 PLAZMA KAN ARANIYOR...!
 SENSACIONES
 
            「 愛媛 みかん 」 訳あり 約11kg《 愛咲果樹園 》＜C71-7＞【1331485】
#####
EXERCISE REQUIREMENTS:
Would you write out the listing above exactly, in full?

EXERCISE ANSWER:
 PLAZMA KAN ARANIYOR...!
 SENSACIONES
 
            「 愛媛 みかん 」 訳あり 約11kg《 愛咲果樹園 》＜C71-7＞【1331485】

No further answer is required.